[Start of section]
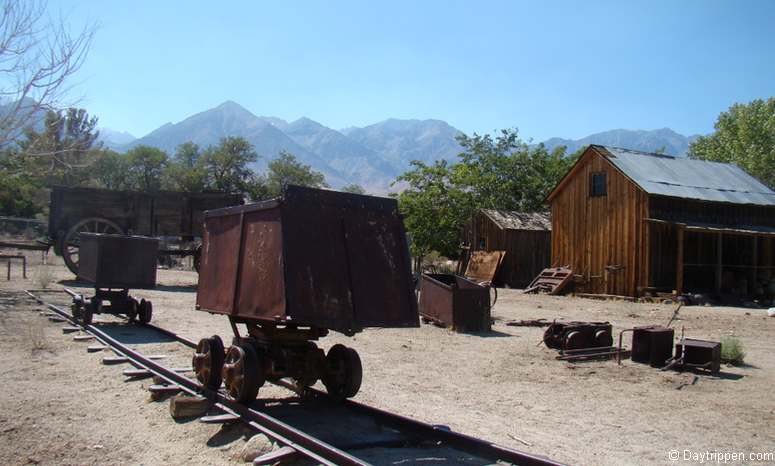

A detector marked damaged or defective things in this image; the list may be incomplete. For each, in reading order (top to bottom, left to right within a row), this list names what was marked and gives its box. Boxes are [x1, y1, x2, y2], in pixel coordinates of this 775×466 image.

rusted iron wheel [59, 217, 123, 274]
rusty mine cart [49, 185, 242, 274]
rusty mine cart [71, 232, 159, 324]
rusty mine cart [190, 186, 418, 404]
rusted iron wheel [193, 334, 224, 390]
rusted iron wheel [221, 342, 264, 404]
rusted iron wheel [322, 342, 362, 400]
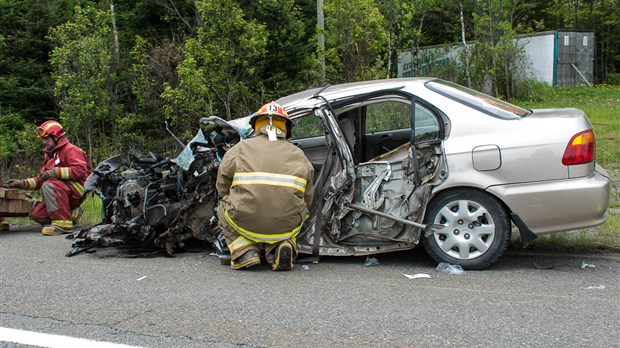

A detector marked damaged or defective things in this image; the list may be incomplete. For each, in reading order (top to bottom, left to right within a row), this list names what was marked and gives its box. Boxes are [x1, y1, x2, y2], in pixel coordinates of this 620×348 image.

damaged silver sedan [70, 78, 612, 270]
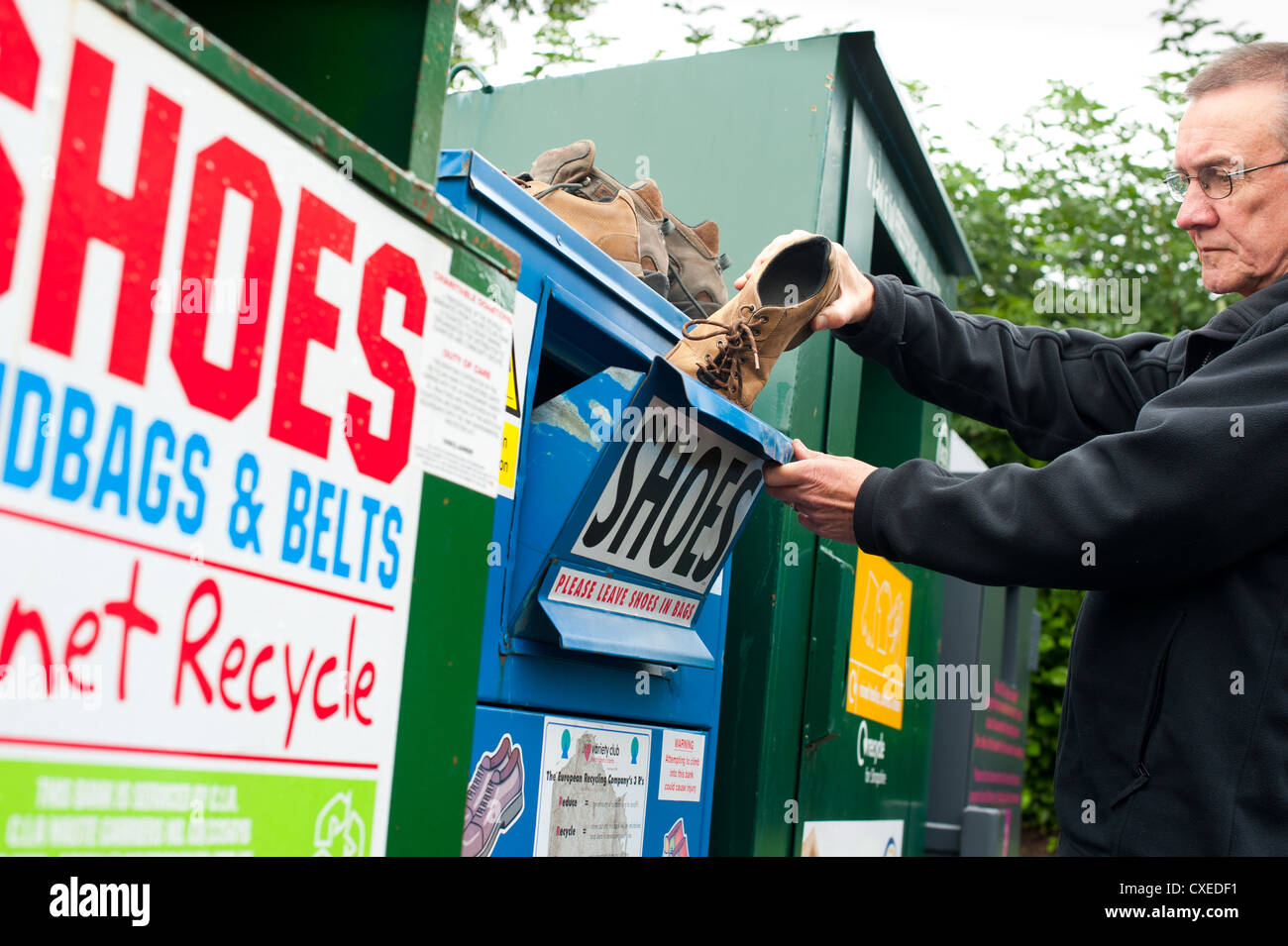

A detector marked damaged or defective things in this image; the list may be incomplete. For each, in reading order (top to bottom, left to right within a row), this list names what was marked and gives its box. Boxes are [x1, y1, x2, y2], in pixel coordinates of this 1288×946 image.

rusty metal edge [91, 0, 522, 280]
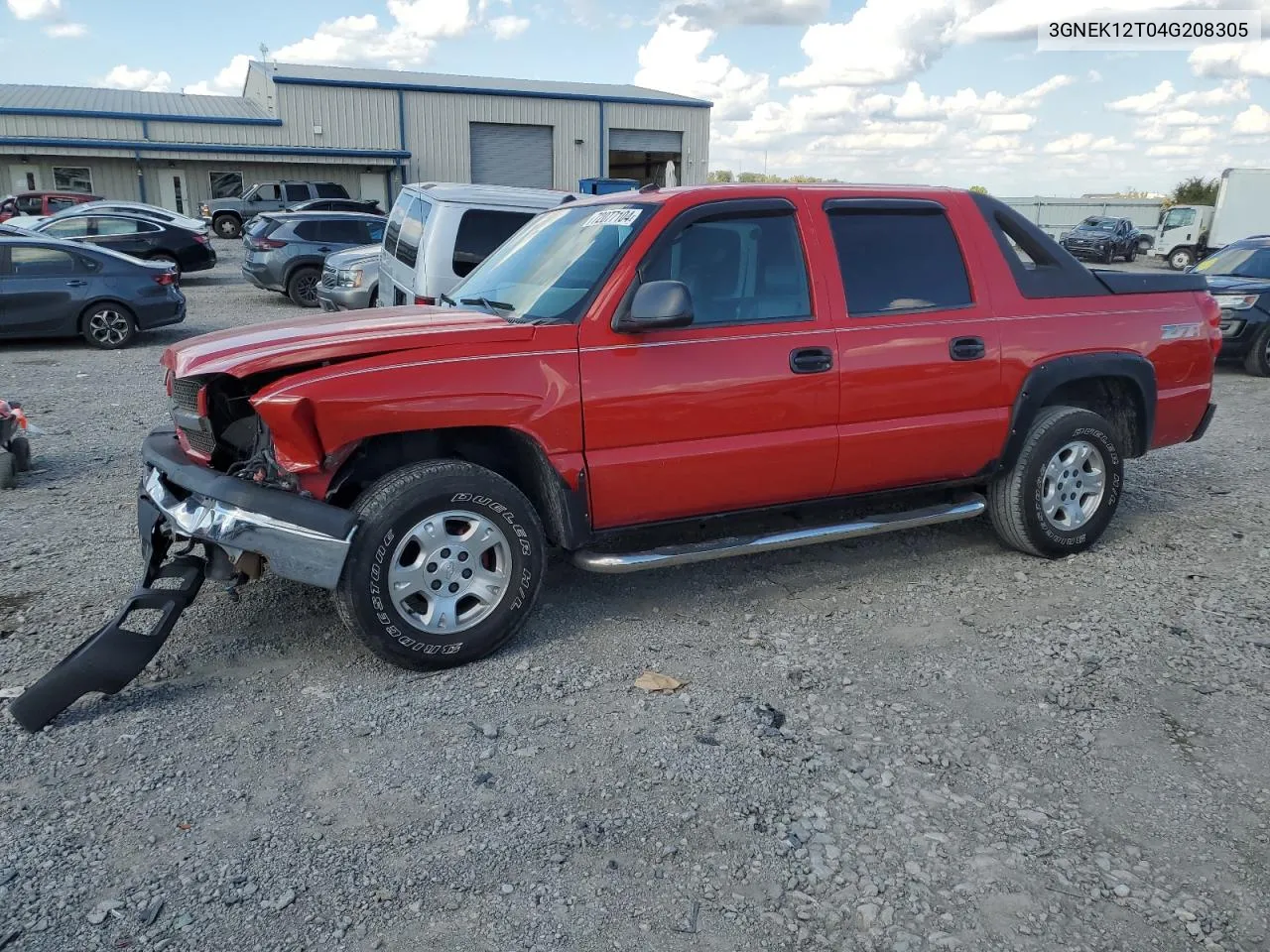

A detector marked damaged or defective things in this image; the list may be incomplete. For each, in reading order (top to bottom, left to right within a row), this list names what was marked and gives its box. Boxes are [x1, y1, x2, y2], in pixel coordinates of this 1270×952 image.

crumpled hood [162, 305, 531, 381]
damaged front bumper [7, 428, 360, 736]
damaged front bumper [140, 431, 357, 594]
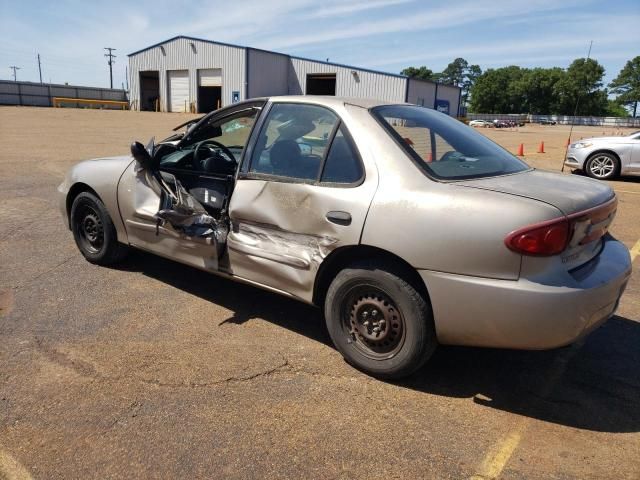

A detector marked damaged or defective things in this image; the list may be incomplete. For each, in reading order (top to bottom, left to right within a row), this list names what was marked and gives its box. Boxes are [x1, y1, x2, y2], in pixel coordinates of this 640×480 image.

crushed car door [117, 103, 262, 272]
crushed car door [228, 101, 378, 302]
cracked pavement [1, 107, 640, 478]
damaged silver car [57, 96, 632, 378]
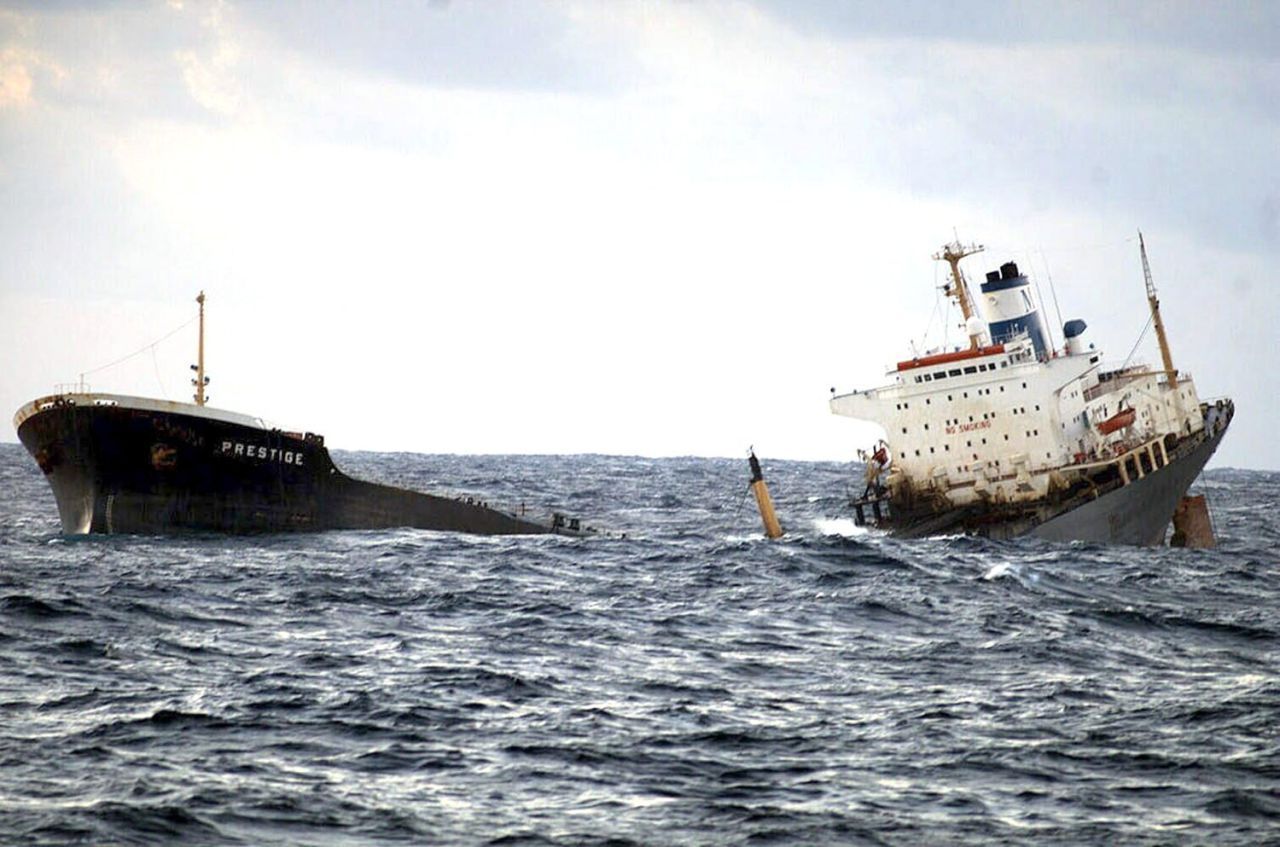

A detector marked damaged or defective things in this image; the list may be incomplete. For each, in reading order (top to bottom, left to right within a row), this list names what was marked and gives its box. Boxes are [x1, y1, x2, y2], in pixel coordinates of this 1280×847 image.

broken ship hull [15, 396, 572, 536]
broken ship hull [856, 400, 1232, 548]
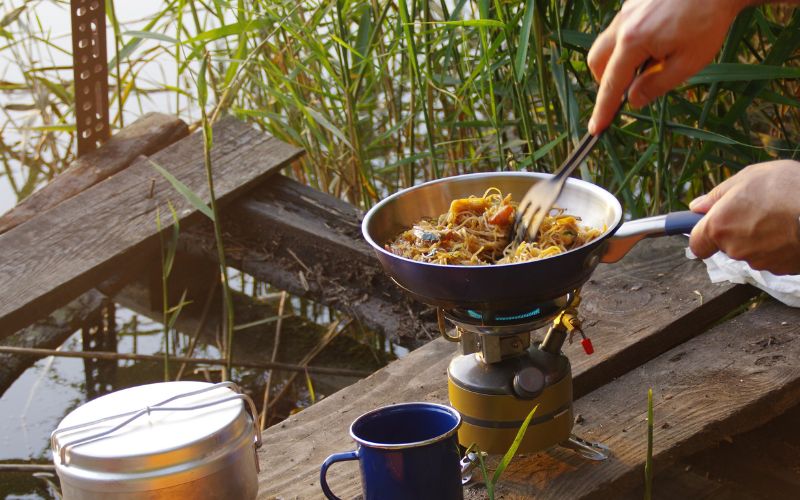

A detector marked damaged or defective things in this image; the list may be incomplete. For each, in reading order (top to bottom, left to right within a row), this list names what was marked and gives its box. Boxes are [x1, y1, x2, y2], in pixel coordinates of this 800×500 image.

rusty metal bracket [70, 0, 110, 155]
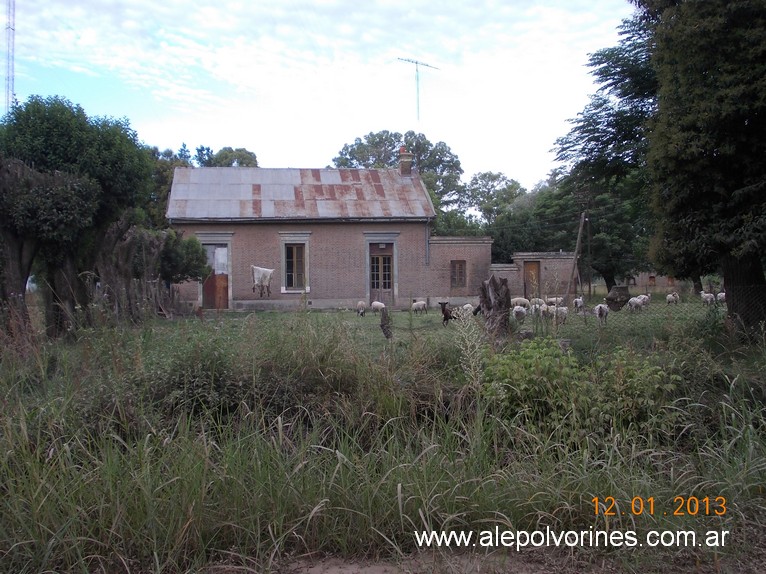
[End of section]
Task instructions → Could you reproduce exactly the lines from the one containing "this 1280×847 image." through the last line of the records, both included, leaving out the pictures?

Answer box →
A detector marked damaged or defective things in this image; the list may be incomplete. For each, in reading order (top to bottom, left to right within a row), this list names what was marked and gives its box. Boxes are [x1, y1, x2, y2], in pixel coordinates of this 1280×847 image.

broken ship hull [15, 396, 572, 536]
broken ship hull [856, 400, 1232, 548]

A detector marked damaged or defective things in this image; the list may be incomplete. For each, in reading order (top to bottom, left to right within a row), this list names what was marked and gives its box. Boxes are [x1, y1, x2, y2], in pixel coordinates of this 800×500 image.

rusty metal bracket [70, 0, 110, 155]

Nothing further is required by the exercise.